[WHAT IS REQUIRED] Each entry is to be reproduced verbatim, and images are to be omitted.

━━ AVAILABLE DATA ━━

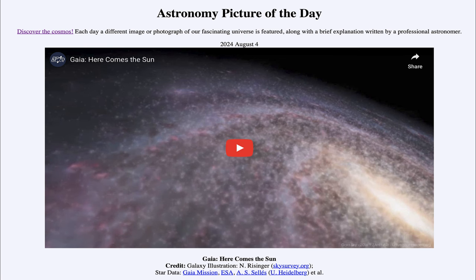Greetings and welcome to the Astronomy Picture of the Day podcast. Today's picture for August 4th of 2024 is titled Gaia: Here Comes the Sun.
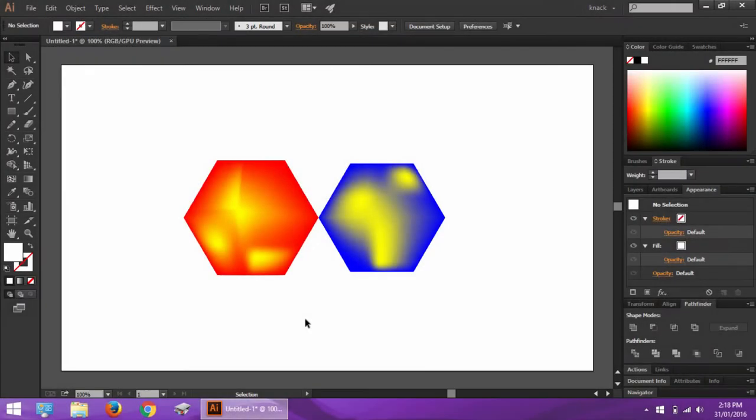Hello friends and welcome to Knack Graphics. We are on the way of doing 11 basic things before using Adobe Illustrator. And so far, we have done 9 lessons and you can check out those lessons in the playlist showing up here over the video.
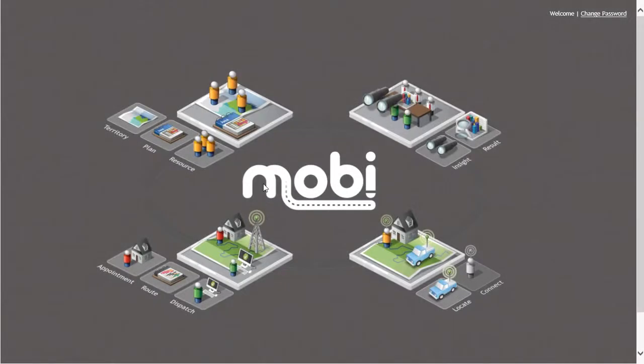Welcome to MobiResource. MobiResource is the one-stop area in the Mobi suite of applications utilized to manage, edit, and maintain your fleet information.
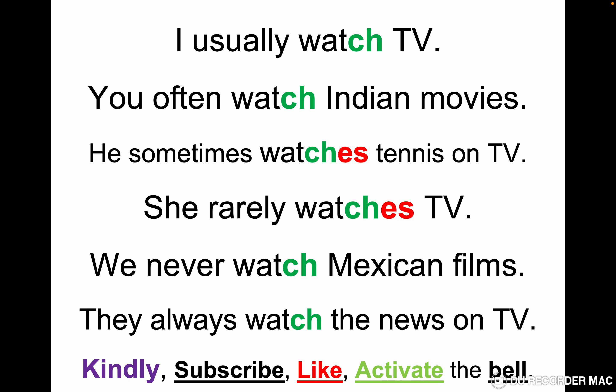Positive form for 'watch': I usually watch TV, you often watch Indian movies, he sometimes watches tennis on TV, she rarely watches TV, we never watch Mexican films, they always watch the news on TV. In these sentences we use adverbs of frequency — usually, often, sometimes, rarely, never, always. With I, you, we, they the verb doesn't change; with he and she we add 'es': watches.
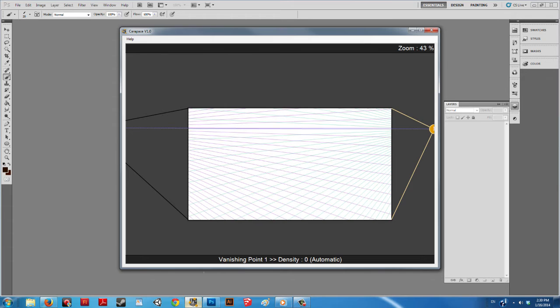First, you'll need a perspective grid. You can easily acquire one from the free perspective program, Carpus.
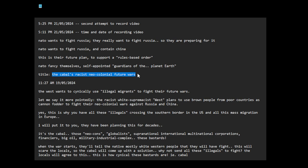Titled the cabal's racist neo-colonial future wars: the West wants to cynically use illegal migrants to fight their future wars. Let me say it more pointedly: the racist white supremacist West plans to use brown people from poor countries as cannon fodder to fight their neo-colonial wars against Russia.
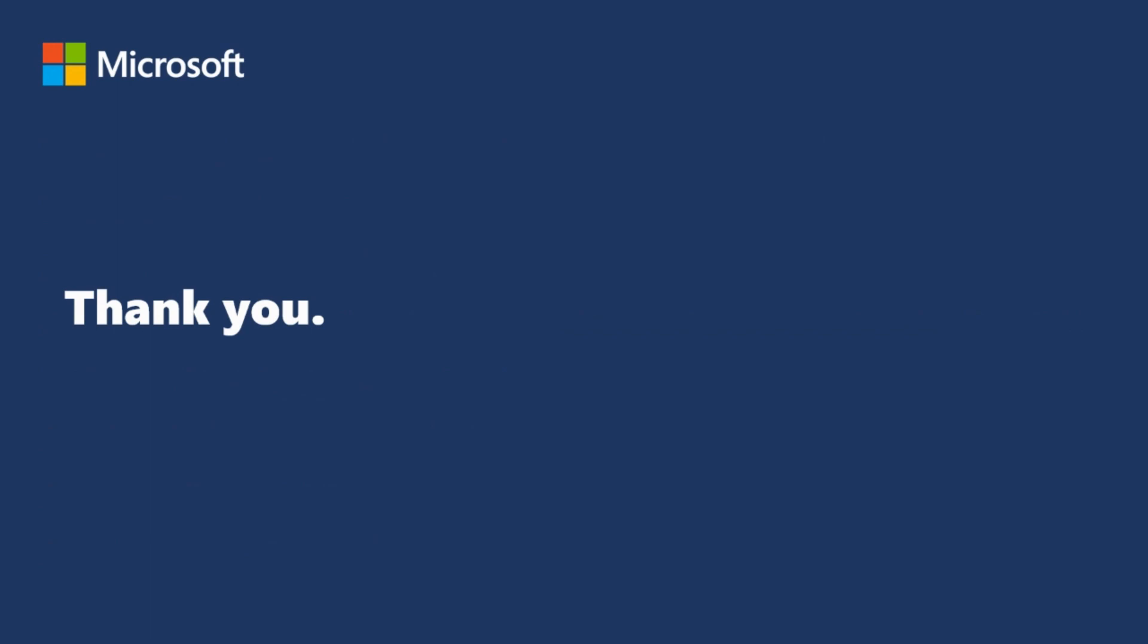We hope this video was useful and clear on the steps needed to download an invoice from Microsoft Admin Center. Thanks for watching.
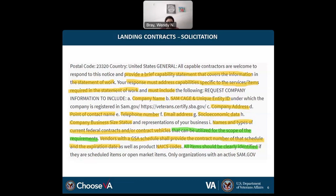Also include NAICS codes and product service codes, and all items should be clearly identified. You want to make sure that your business information is not jumbled up looking like an essay with multiple paragraphs. The information the buyer is looking for — like what is noted in the solicitation — should be easily identifiable. The UEI is generated when you set up your account on the System for Award Management at SAM.gov, and it is not the same as your IRS identifying number.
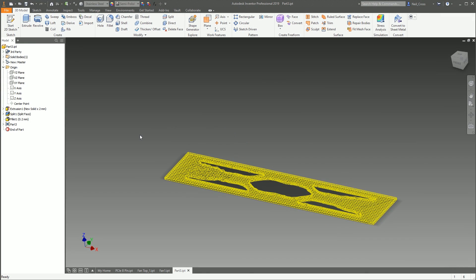All right then. That'll do it. That's the Shape Generator for Autodesk Inventor. In the next video, we'll be looking at Work Features. But that'll do it. Thank you very much. If you found this useful, do press the like button, because it just helps with the stats, you know what I mean?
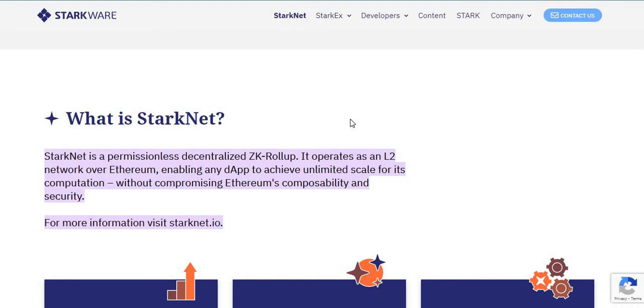While the bear market is hitting hard, top project protocols keep shipping code and releasing new announcements, actually making impact. So today we want to talk about StarkNet and this is an opportunity I think you might want to pay attention to right now as layer twos are trending.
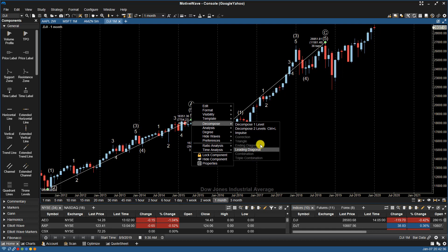And actually one thing before I do that, you'll notice on the Decompose 2 levels, there is a Control-L and we'll get to that in one moment. I'll just cover the specific patterns first.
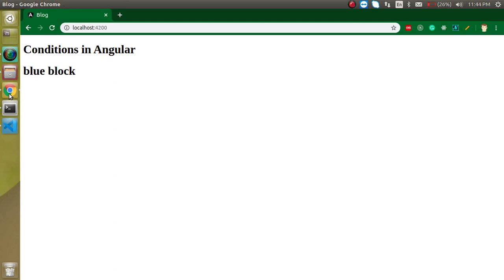So this is how we can use conditional statements in Angular: the if condition, if-else, conditions with a string, and property binding with if-else conditions. Thanks for watching. If you have any confusion you can ask in the comment box. Don't forget to subscribe and like this video. Bye bye, take care.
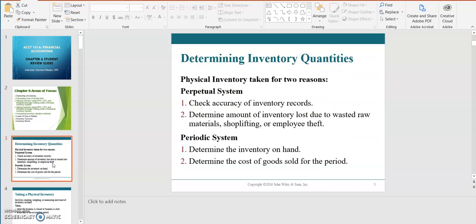Physical inventory is taken for two reasons when you have a perpetual inventory system. With a perpetual inventory system you have a detailed inventory record, and every time inventory is purchased it is being recorded. Every time inventory is sold, your inventory records are updated, so you should have an accurate listing of inventory records. But you also want to determine if any inventory was lost due to waste, shoplifting, or employee theft.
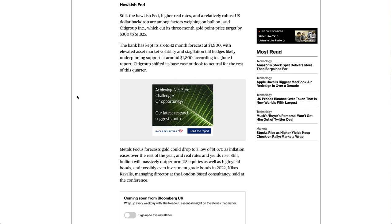Hawkish Fed. Still, the hawkish Fed, higher real rates, and a relatively robust U.S. dollar backdrop are among factors weighing on bullion, said Citigroup Inc., which cut its three-month gold price target by $300 to $1,825.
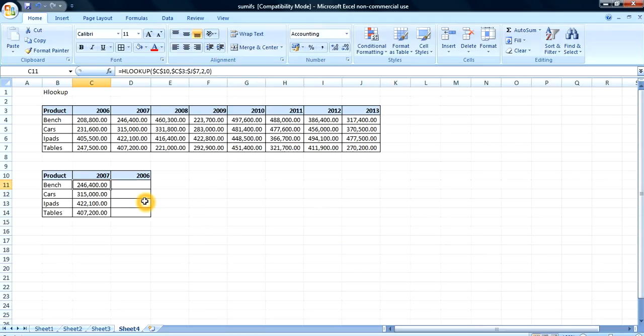Now imagine we had a thousand records — that's going to be quite stressful. So I'm going to show you another way of going about it using the Excel ROW function. It goes like this.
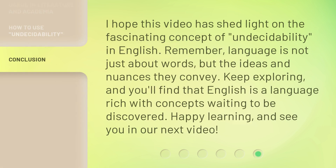I hope this video has shed light on the fascinating concept of undecidability in English. Remember, language is not just about words, but the ideas and nuances they convey. Keep exploring, and you'll find that English is a language rich with concepts waiting to be discovered. Happy learning, and see you in our next video.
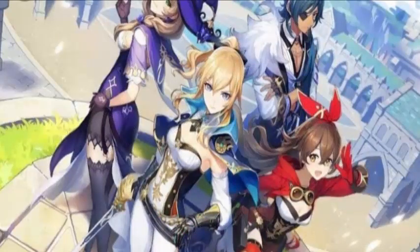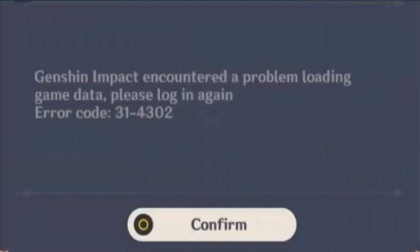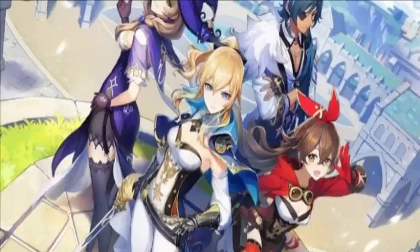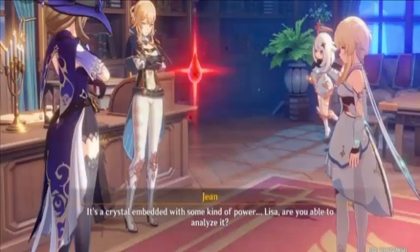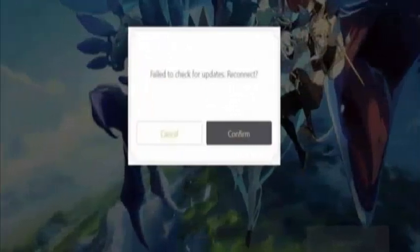Some of the methods that can help: you can restart the application, or you can restart your device. You can relink the connected email account, or log into the connected email account again. A few users have found these methods easy and have fixed their error by simply rechecking their username and password.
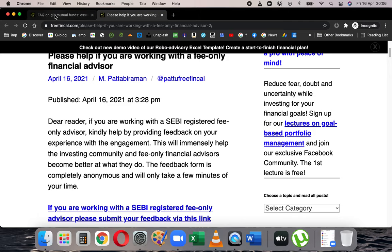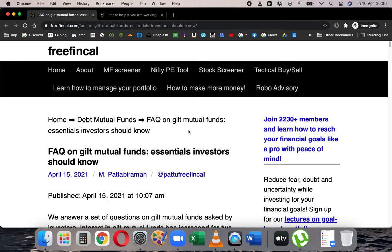There are several questions asked by investors about gilt funds, but the most important one seems to be sensitivity to interest rates. Everybody understands that gilt mutual funds have practically no credit risk. What I mean by that is that a gilt fund cannot be rated — the credit rating of a gilt fund for a resident investor is not applicable, because government bonds cannot be rated.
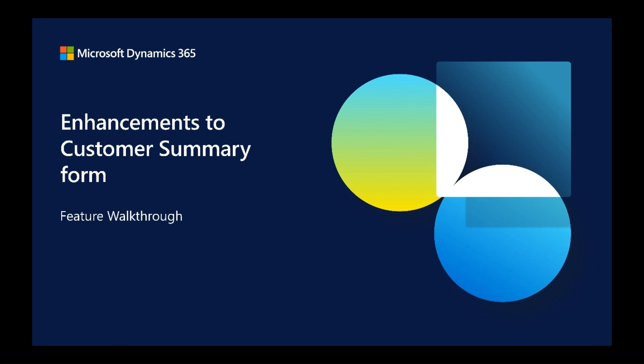In this demo, we will talk about extensibility and usability enhancements brought to the customer summary form.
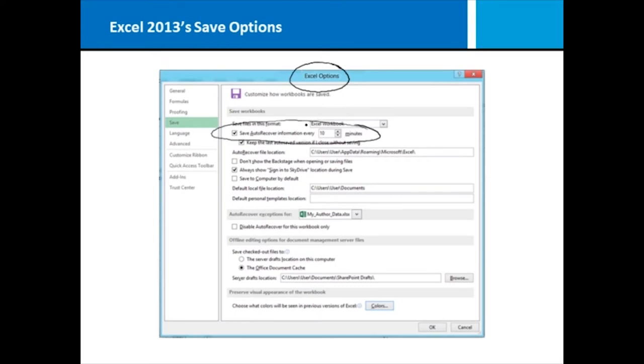Since we'll be doing a lot of advanced work, they want to make sure that you've got your auto recovery turned on, and you can set the number of minutes for auto recovery to anything that you want. You could make it save every five minutes if you wanted to.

━━━

[EXPECTED OUTPUT]
Greetings and welcome to the Astronomy Picture of the Day podcast. Today's picture for August 4th of 2024 is titled Gaia: Here Comes the Sun.
Hello friends and welcome to Knack Graphics. We are on the way of doing 11 basic things before using Adobe Illustrator. And so far, we have done 9 lessons and you can check out those lessons in the playlist showing up here over the video.
Welcome to MobiResource. MobiResource is the one-stop area in the Mobi suite of applications utilized to manage, edit, and maintain your fleet information.
Positive form for 'watch': I usually watch TV, you often watch Indian movies, he sometimes watches tennis on TV, she rarely watches TV, we never watch Mexican films, they always watch the news on TV. In these sentences we use adverbs of frequency — usually, often, sometimes, rarely, never, always. With I, you, we, they the verb doesn't change; with he and she we add 'es': watches.
First, you'll need a perspective grid. You can easily acquire one from the free perspective program, Carpus.
Titled the cabal's racist neo-colonial future wars: the West wants to cynically use illegal migrants to fight their future wars. Let me say it more pointedly: the racist white supremacist West plans to use brown people from poor countries as cannon fodder to fight their neo-colonial wars against Russia.
We hope this video was useful and clear on the steps needed to download an invoice from Microsoft Admin Center. Thanks for watching.
Also include NAICS codes and product service codes, and all items should be clearly identified. You want to make sure that your business information is not jumbled up looking like an essay with multiple paragraphs. The information the buyer is looking for — like what is noted in the solicitation — should be easily identifiable. The UEI is generated when you set up your account on the System for Award Management at SAM.gov, and it is not the same as your IRS identifying number.
All right then. That'll do it. That's the Shape Generator for Autodesk Inventor. In the next video, we'll be looking at Work Features. But that'll do it. Thank you very much. If you found this useful, do press the like button, because it just helps with the stats, you know what I mean?
While the bear market is hitting hard, top project protocols keep shipping code and releasing new announcements, actually making impact. So today we want to talk about StarkNet and this is an opportunity I think you might want to pay attention to right now as layer twos are trending.
And actually one thing before I do that, you'll notice on the Decompose 2 levels, there is a Control-L and we'll get to that in one moment. I'll just cover the specific patterns first.
So this is how we can use conditional statements in Angular: the if condition, if-else, conditions with a string, and property binding with if-else conditions. Thanks for watching. If you have any confusion you can ask in the comment box. Don't forget to subscribe and like this video. Bye bye, take care.
Physical inventory is taken for two reasons when you have a perpetual inventory system. With a perpetual inventory system you have a detailed inventory record, and every time inventory is purchased it is being recorded. Every time inventory is sold, your inventory records are updated, so you should have an accurate listing of inventory records. But you also want to determine if any inventory was lost due to waste, shoplifting, or employee theft.
Hawkish Fed. Still, the hawkish Fed, higher real rates, and a relatively robust U.S. dollar backdrop are among factors weighing on bullion, said Citigroup Inc., which cut its three-month gold price target by $300 to $1,825.
Now imagine we had a thousand records — that's going to be quite stressful. So I'm going to show you another way of going about it using the Excel ROW function. It goes like this.
I hope this video has shed light on the fascinating concept of undecidability in English. Remember, language is not just about words, but the ideas and nuances they convey. Keep exploring, and you'll find that English is a language rich with concepts waiting to be discovered. Happy learning, and see you in our next video.
Some of the methods that can help: you can restart the application, or you can restart your device. You can relink the connected email account, or log into the connected email account again. A few users have found these methods easy and have fixed their error by simply rechecking their username and password.
There are several questions asked by investors about gilt funds, but the most important one seems to be sensitivity to interest rates. Everybody understands that gilt mutual funds have practically no credit risk. What I mean by that is that a gilt fund cannot be rated — the credit rating of a gilt fund for a resident investor is not applicable, because government bonds cannot be rated.
In this demo, we will talk about extensibility and usability enhancements brought to the customer summary form.
Since we'll be doing a lot of advanced work, they want to make sure that you've got your auto recovery turned on, and you can set the number of minutes for auto recovery to anything that you want. You could make it save every five minutes if you wanted to.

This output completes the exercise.